## Records for this task
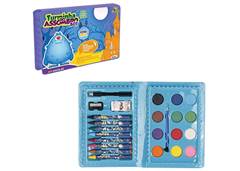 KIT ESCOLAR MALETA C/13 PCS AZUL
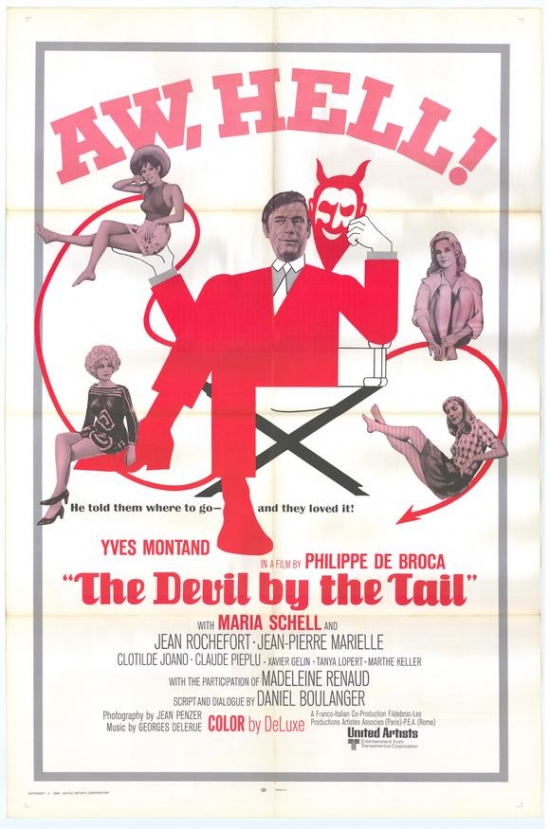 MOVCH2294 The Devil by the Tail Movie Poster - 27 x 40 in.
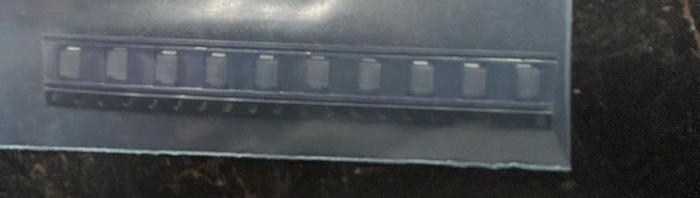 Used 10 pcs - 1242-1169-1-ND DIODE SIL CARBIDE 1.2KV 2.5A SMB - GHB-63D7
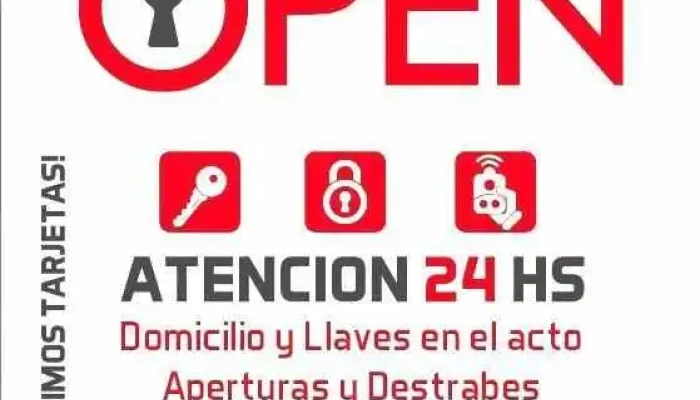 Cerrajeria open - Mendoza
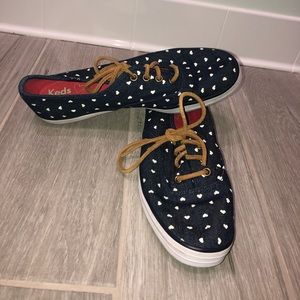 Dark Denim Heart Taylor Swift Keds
--
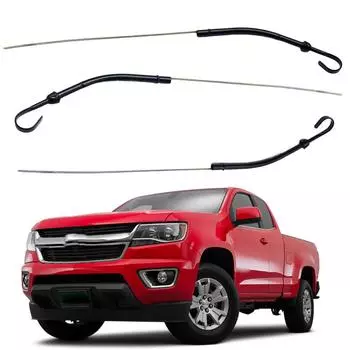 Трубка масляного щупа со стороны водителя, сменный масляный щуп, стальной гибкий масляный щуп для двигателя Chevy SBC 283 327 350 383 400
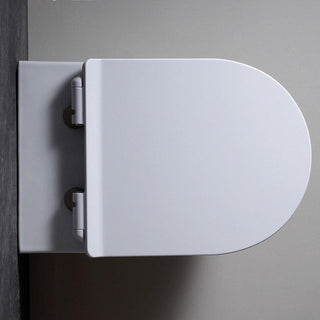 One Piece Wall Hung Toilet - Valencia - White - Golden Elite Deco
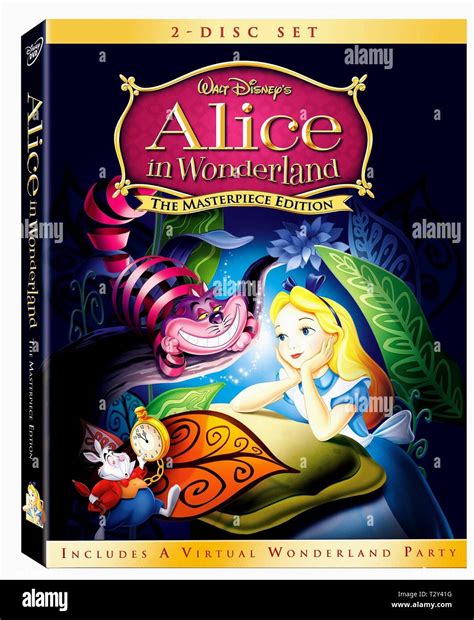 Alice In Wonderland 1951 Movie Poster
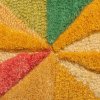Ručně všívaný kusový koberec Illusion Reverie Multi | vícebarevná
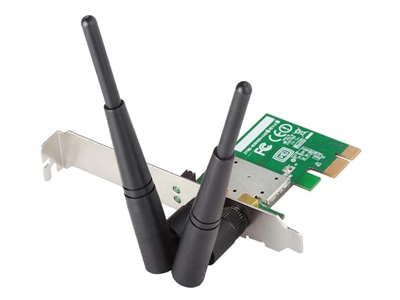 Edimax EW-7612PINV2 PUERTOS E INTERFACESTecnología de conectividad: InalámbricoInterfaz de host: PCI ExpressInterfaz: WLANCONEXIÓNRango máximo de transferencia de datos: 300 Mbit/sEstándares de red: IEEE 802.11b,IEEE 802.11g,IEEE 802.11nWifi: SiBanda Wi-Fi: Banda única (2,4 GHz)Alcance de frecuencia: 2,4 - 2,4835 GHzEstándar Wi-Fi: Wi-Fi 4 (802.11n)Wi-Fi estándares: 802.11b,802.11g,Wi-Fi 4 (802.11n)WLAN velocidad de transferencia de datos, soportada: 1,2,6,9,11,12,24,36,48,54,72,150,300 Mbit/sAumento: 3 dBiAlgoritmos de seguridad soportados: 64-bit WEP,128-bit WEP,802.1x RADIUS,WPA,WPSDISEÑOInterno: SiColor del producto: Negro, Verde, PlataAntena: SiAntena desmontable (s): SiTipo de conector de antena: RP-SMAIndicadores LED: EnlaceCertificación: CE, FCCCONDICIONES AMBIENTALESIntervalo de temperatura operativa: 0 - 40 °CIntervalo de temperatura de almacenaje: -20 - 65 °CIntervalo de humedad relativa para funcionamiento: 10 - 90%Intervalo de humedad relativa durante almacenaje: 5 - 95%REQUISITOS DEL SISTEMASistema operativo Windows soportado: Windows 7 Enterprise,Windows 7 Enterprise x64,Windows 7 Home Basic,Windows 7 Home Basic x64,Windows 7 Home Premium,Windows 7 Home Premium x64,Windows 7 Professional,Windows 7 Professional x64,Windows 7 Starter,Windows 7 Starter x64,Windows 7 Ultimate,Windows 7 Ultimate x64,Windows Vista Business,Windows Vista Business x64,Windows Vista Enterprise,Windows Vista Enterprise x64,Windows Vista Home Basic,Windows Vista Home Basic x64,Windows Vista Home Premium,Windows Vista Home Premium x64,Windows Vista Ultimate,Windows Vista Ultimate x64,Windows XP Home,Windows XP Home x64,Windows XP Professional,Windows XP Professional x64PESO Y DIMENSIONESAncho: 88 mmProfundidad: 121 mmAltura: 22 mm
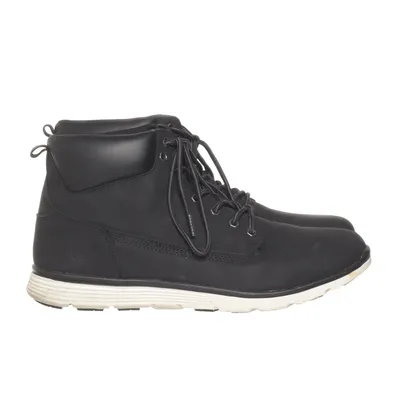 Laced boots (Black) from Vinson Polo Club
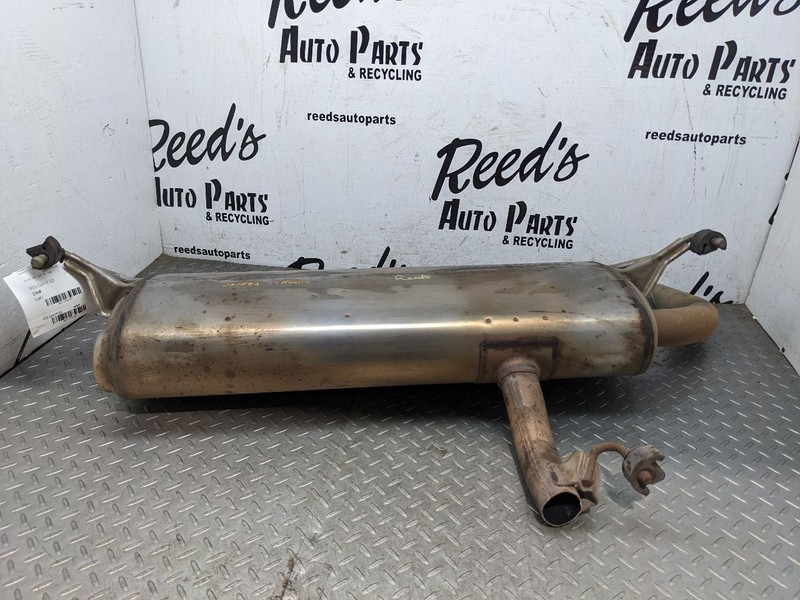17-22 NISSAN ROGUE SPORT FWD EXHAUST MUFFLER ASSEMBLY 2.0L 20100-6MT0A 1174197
==
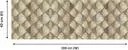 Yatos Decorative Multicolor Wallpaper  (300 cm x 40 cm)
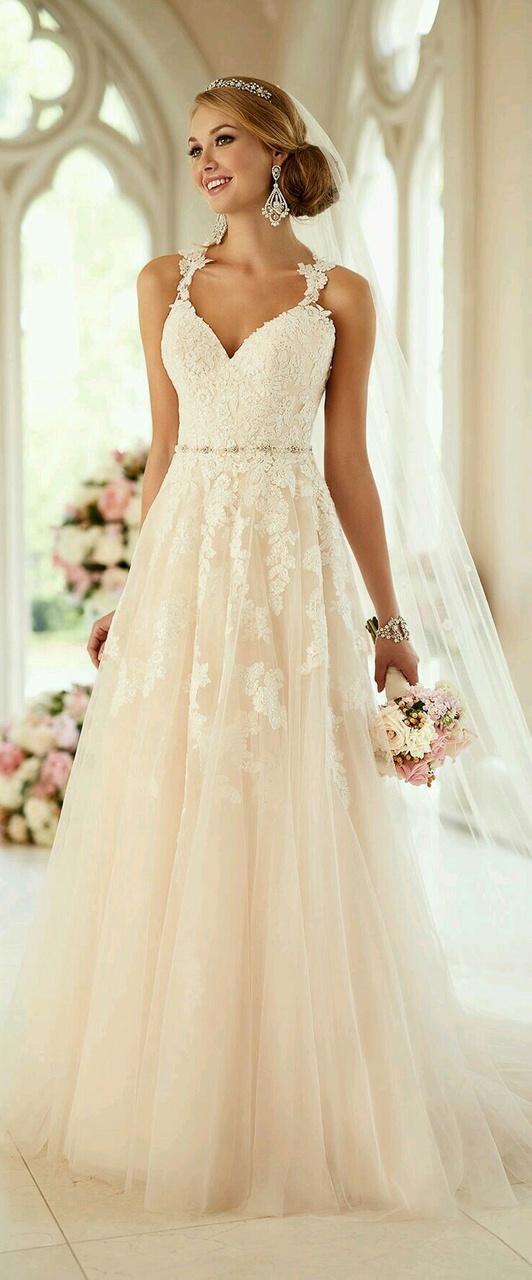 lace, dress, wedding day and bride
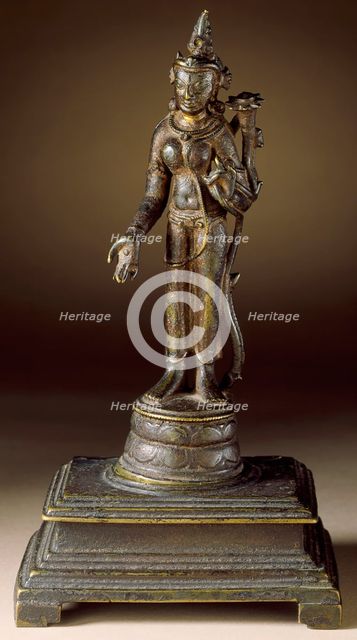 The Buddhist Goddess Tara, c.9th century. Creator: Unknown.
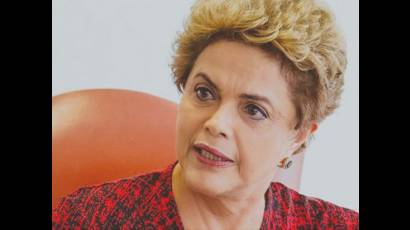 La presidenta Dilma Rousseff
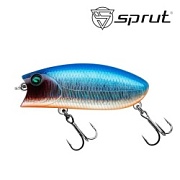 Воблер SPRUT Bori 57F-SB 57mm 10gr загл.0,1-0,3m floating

## Exercise requirements
Leave out the images and write out the lines above exactly, from the one with "KIT ESCOLAR MALETA C/13 PCS AZUL" up to and including the one with "Dark Denim Heart Taylor Swift Keds".

## Your response
 KIT ESCOLAR MALETA C/13 PCS AZUL
 MOVCH2294 The Devil by the Tail Movie Poster - 27 x 40 in.
 Used 10 pcs - 1242-1169-1-ND DIODE SIL CARBIDE 1.2KV 2.5A SMB - GHB-63D7
 Cerrajeria open - Mendoza
 Dark Denim Heart Taylor Swift Keds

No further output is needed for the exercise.